* _Exercise aim_:
Each line of the data below must be reproduced without any change.

* _Data provided_:
╔══
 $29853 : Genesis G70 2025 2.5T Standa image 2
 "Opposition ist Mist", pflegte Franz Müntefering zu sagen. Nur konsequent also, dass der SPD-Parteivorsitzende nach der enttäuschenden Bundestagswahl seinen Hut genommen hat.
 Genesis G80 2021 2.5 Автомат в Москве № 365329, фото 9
╚══
* _Exercise output_:
 $29853 : Genesis G70 2025 2.5T Standa image 2
 "Opposition ist Mist", pflegte Franz Müntefering zu sagen. Nur konsequent also, dass der SPD-Parteivorsitzende nach der enttäuschenden Bundestagswahl seinen Hut genommen hat.
 Genesis G80 2021 2.5 Автомат в Москве № 365329, фото 9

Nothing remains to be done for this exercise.